For Spence, who's much more soft-spoken than the character he plays, this aspect of the Fubar movies allows him to explore a different side of himself.
"I don't speak with the Deaner kind of tongue," says Spence. "But at the same time, that guy is still somewhere in me. It's always smouldering somewhere in the brain and soul."
Based on the experiences of Lawrence and Spence, there's a Terry or a Deaner inside a whole lot of Canadians. Spence says he's continually amazed at the cross-section of people who recognize him and his screen partner. "Cops love us. Schoolteachers. Women in their 40s, we're signing their boobs in Edmonton," Spence says. "That's just the thing that slays me about these characters. Somehow they're lovable but totally offensive at the same time."
That lovability is the secret weapon of the Fubar films. The partying and intellectual deficiencies of the main characters elicit laughs, but at the core the movies are about the bonds of friendship. In the sequel, these bonds are tested by new challenges: Terry and Dean head to Fort McMurray in search of oil patch riches and find that hard work suits one of them far more than the other, and Terry's new relationship with a strip club waitress.

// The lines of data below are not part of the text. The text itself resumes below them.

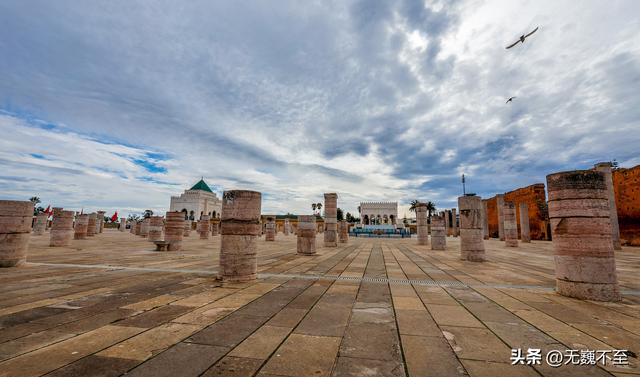 摩洛哥环游记（27）——哈桑塔的千年守望与乌达雅城堡的静雅时光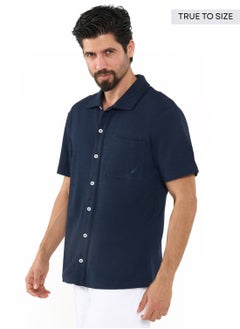 NAUTICA Regular Fit Premium Cotton Logo Shirt  - Image 2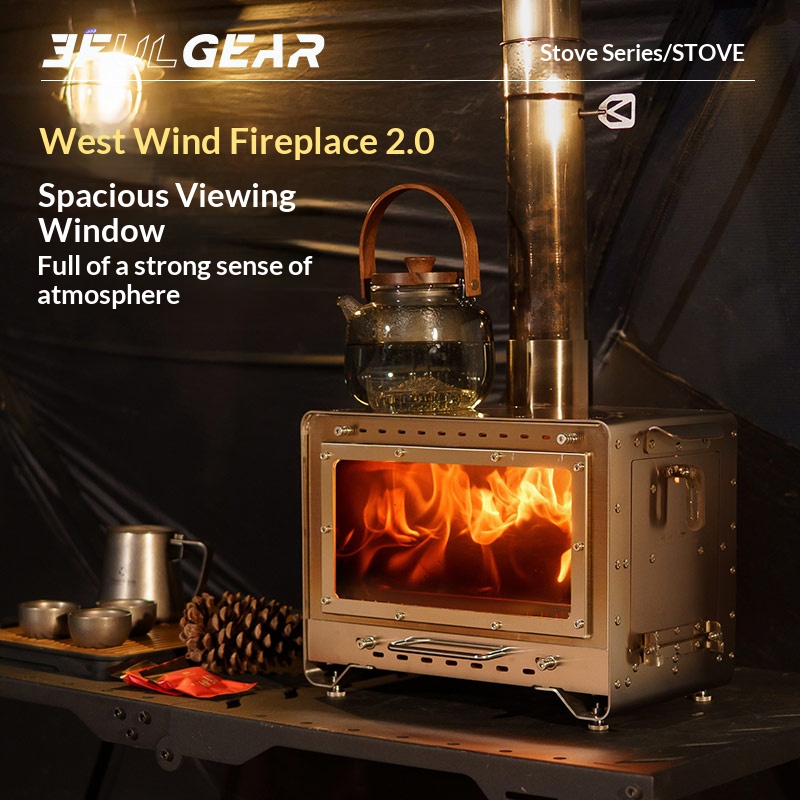 3F UL GEAR Stainless Steel Fir - Outdoor Camping Stove Wood review and price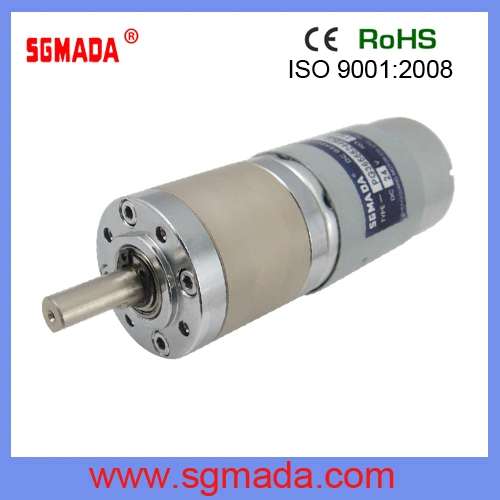 3.3-13W DC Motor caja reductor de engranajes planetarios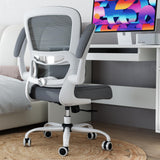 Office Chair - Ergonomic Desk Chair with Adjustable Lumbar Support, Mesh Computer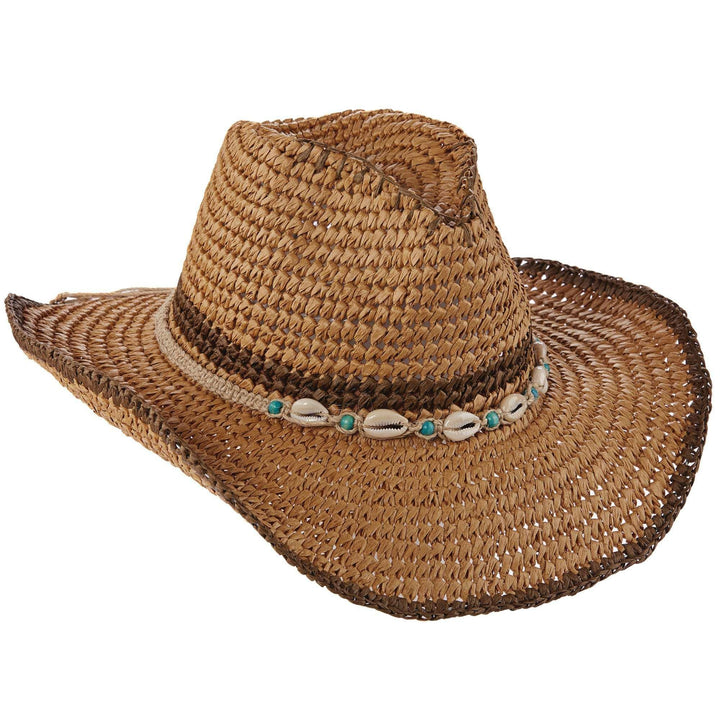 Tropical Trends Crocheted Toyo Western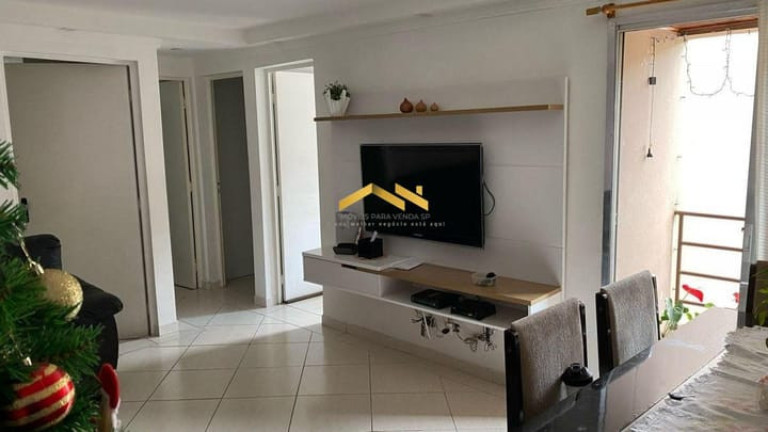 Apartamento com 2 Quartos à Venda, 52 m² em Campo Limpo - São Paulo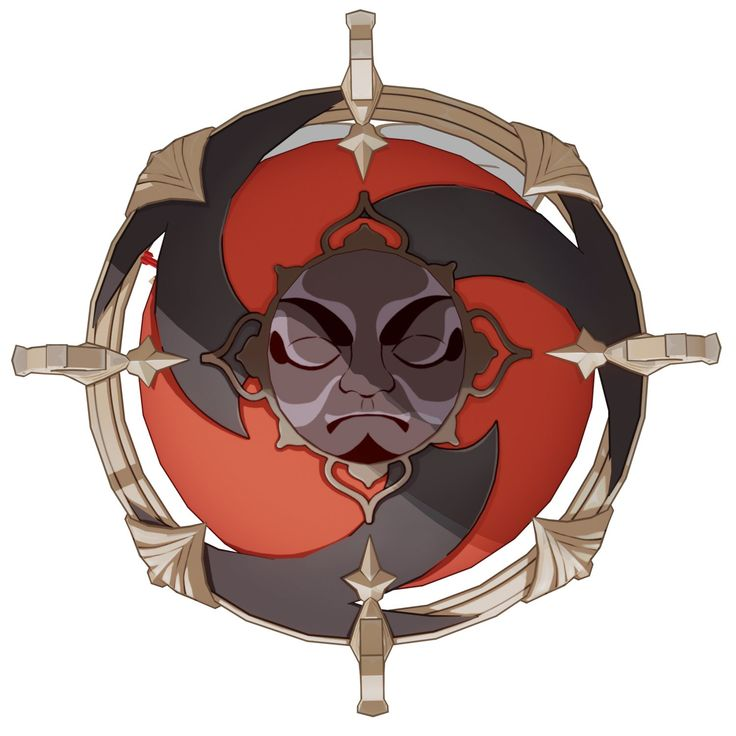 Скарамуча Геншин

Terry may not be the most obvious romantic lead, but Lawrence says he can imagine women being fascinated by him.
"I can see why some girls want me to sign their boobs, 'cause [Terry's] pretty soft on the inside even though he's got this exterior shell. I think for girls that have that take-care instinct, to take care of their man, Terry seems like the kind of guy they could take care of."
Lawrence adds that Terry is also "kind of a sucker," the kind of guy whose puppy-dog devotion gets him ragged on by his friends and steamrolled by his lover.
Dean's development, meanwhile, hinges on a plot development that once again involves his balls. According to Spence, an update on the happenings inside the Deaner's scrotum was required to satisfy fans' curiosity. "People would see me in the street, and of course I'm not the Deaner, but they'd say, 'So man, what's up with your other nut?'" he says. "People literally wanted to know what was happening with his second nut.
"It was this strange kind of focus on that part of his anatomy that seemed like a natural avenue to explore."
Equally natural for Lawrence and Spence was setting Fubar 2 in Alberta's oil fields---both actors spent part of their youth working on the pipelines.
"Having actually had a lot of experience welding pipe together, spacing, just basically being labourers on the pipeline gang, it made it a lot easier to come up with these scenes that draw out the universe of the labour world, where you're very much isolated, laying down this pipeline in the middle of the Boreal forest and it's just you and 15 to 25 other guys, day in, day out for 15-hour days," Spence says. "We've done that, so we knew that world."
Lawrence agrees that he and Spence took advantage of an opportunity to write what they knew. But more importantly, he says, Fort Mac was a logical pilgrimage for Terry and Dean to make.
"It's a quick cash grab and that really seems to lend itself truthfully to these guys," Lawrence says. "There's lots of Terrys and Deaners up there, so it's a no-brainer."
It would also appear to be a no-brainer, if Fubar 2 duplicates the success of its predecessor, to bring back Terry and Dean for a third film. But unlike their characters, Lawrence and Spence have well-functioning brains, and those brains aren't currently thinking about another sequel.
"We've jokingly talked about Fubar 3-Dean," says Spence. "But that would be the three-dimensional concert film of Dean's band Nightseeker on tour."
Spence is kidding, but there's always a chance Terry and Dean could return again. Just don't expect the Fubar creators to rush it.